Lawmakers could begin voting on the agreement as soon as Tuesday.

Quinn announced months ago that without legislative action he would be forced to close the facilities and cut jobs. The Democrat said lawmakers hadn't given him enough money to keep all of state government running for a full year.

Republican lawmakers complained that Quinn seemed to be targeting facilities in their districts. State employees said their jobs were being cut and important services endangered, even though the state's budget problems lay in other areas.

Quinn used his veto powers to cut spending in several areas, including money for school transportation services and for regional education superintendents around the state. Vaught said lawmakers have now agreed to take that vetoed money and use it to avoid the closures and layoffs.

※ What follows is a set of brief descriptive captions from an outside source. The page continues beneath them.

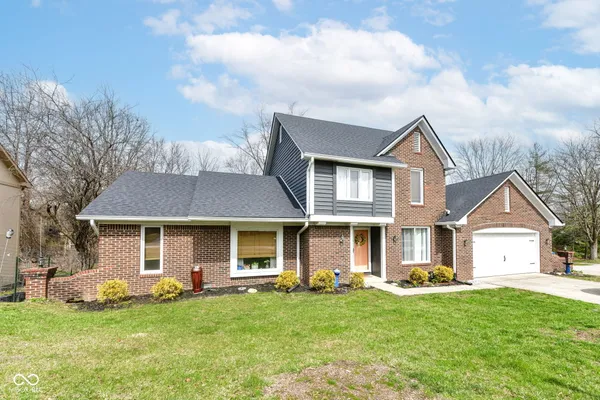 $425,000 | 222 Boulder Court, Carmel, IN 46032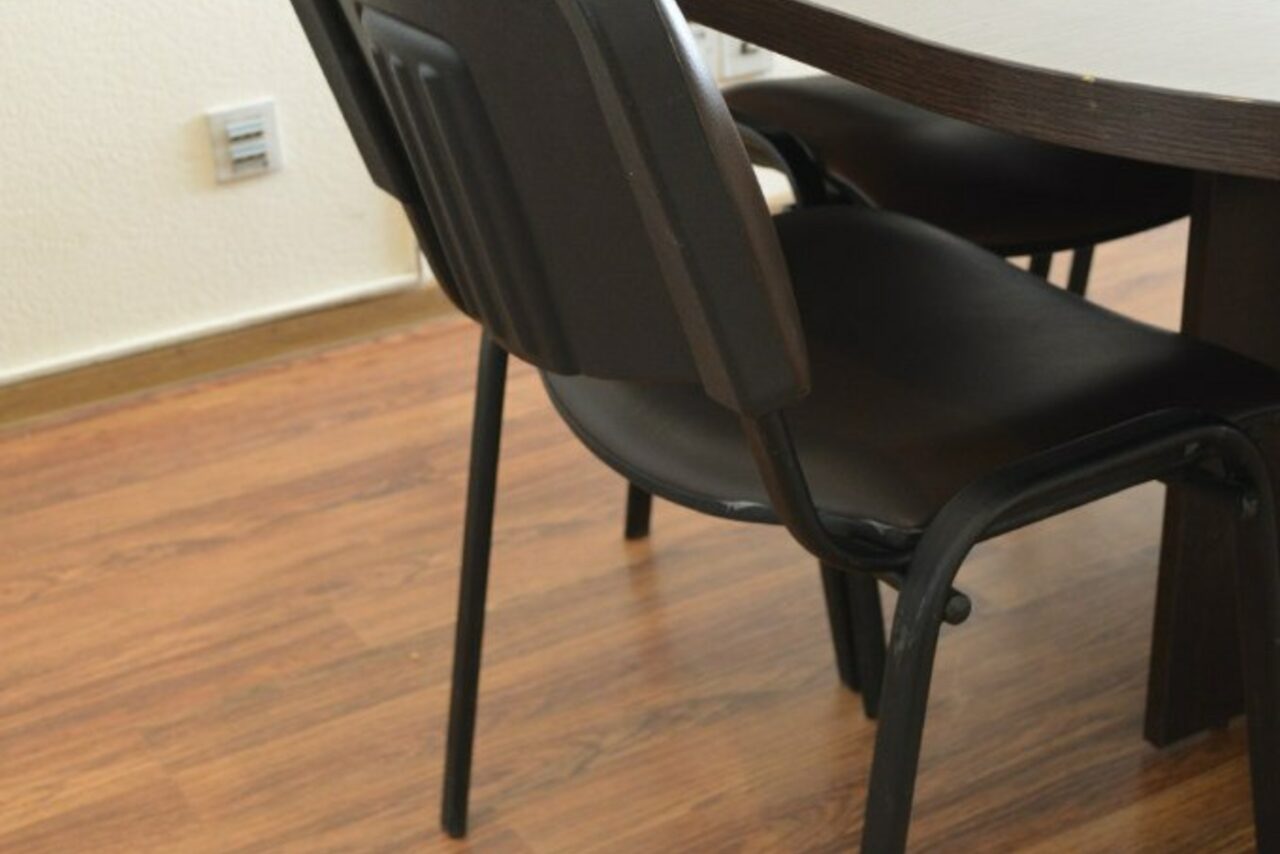 Арендовать Переговорная с проектором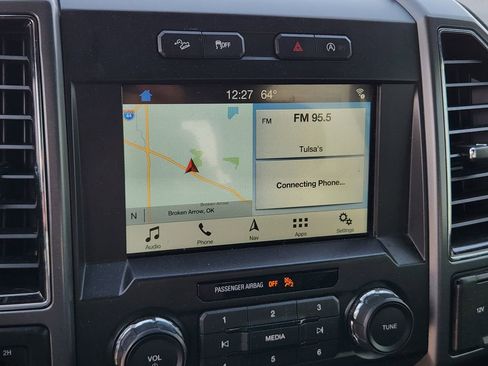 Used 2018 Ford F150 XLT w/ Equipment Group 302A Luxury image 23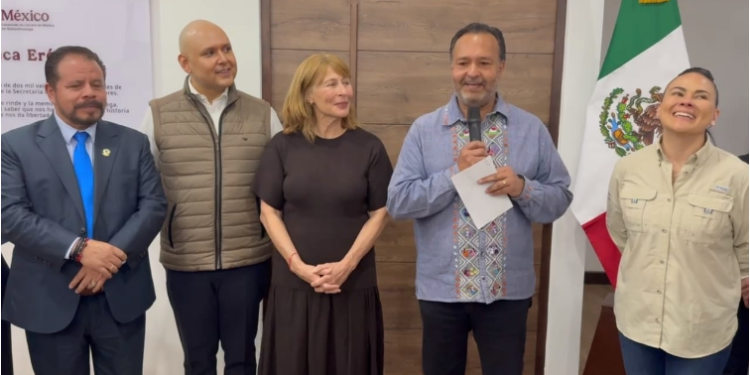 Pátzcuaro en Guatemala: Julio Arreola inaugura Biblioteca Eréndira y hermanamiento con Quetzaltenango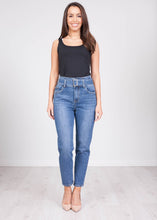 Load image into Gallery viewer, &#39;Steph&#39; Mom Jeans - The Walk in Wardrobe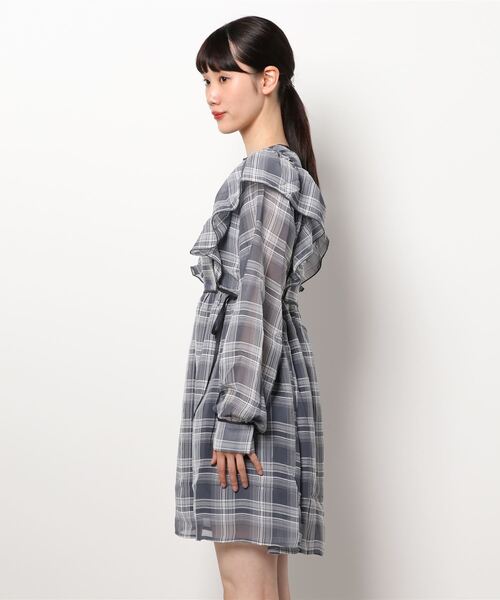 ADIRA（アディラ）の「シアーチェックフリルワンピ（ワンピース・レディース・チャコールグレー/ベージュ・MEDIUM）」の7枚目の写真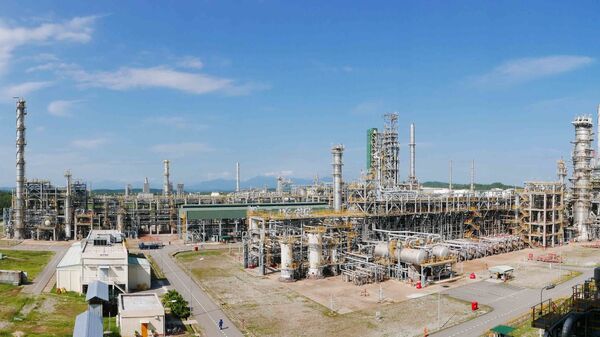 Nhà máy lọc dầu Dung Quất - Sputnik Việt Nam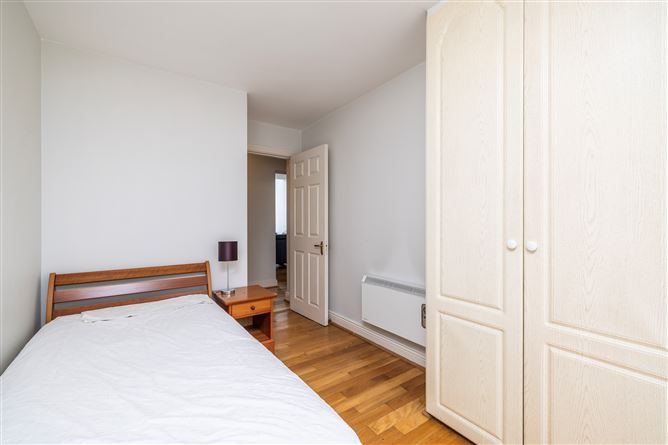 https://photos-a.propertyimages.ie/media/8/8/9/4955988/04db2c76-c626-4cf0-b592-7313e9e54be4_l.jpg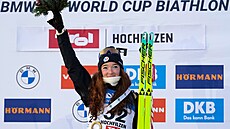 Lou Jeanmonnotová se raduje z vítzství ve sprintu v Hochfilzenu.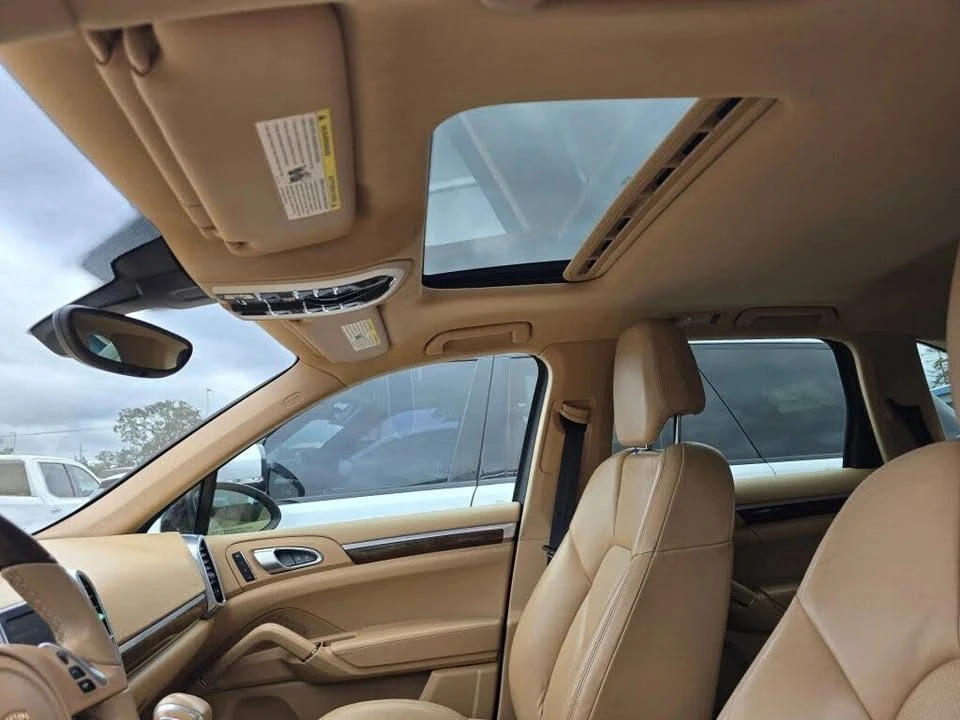 2014 Porsche 958 Cayenne - Image 17 of 20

The agreement would keep the facilities open only for the remainder of this fiscal year, which ends June 30. Their long-term fates are still being reviewed, Vaught said.

Vaught said the agreement also calls for reducing state payments to a variety of special-purpose funds. The state's $55 million contribution to the workers' compensation fund, for instance, would be cut by $10 million. About $95 million that ordinarily would go to pension systems would instead be diverted to preventing the closures.

There would be enough reductions that some services in the Department of Human Services could get some additional money, Vaught said. The biggest beneficiaries would be community mental health services, which would get $30 million, and substance abuse programs, which would get $28 million.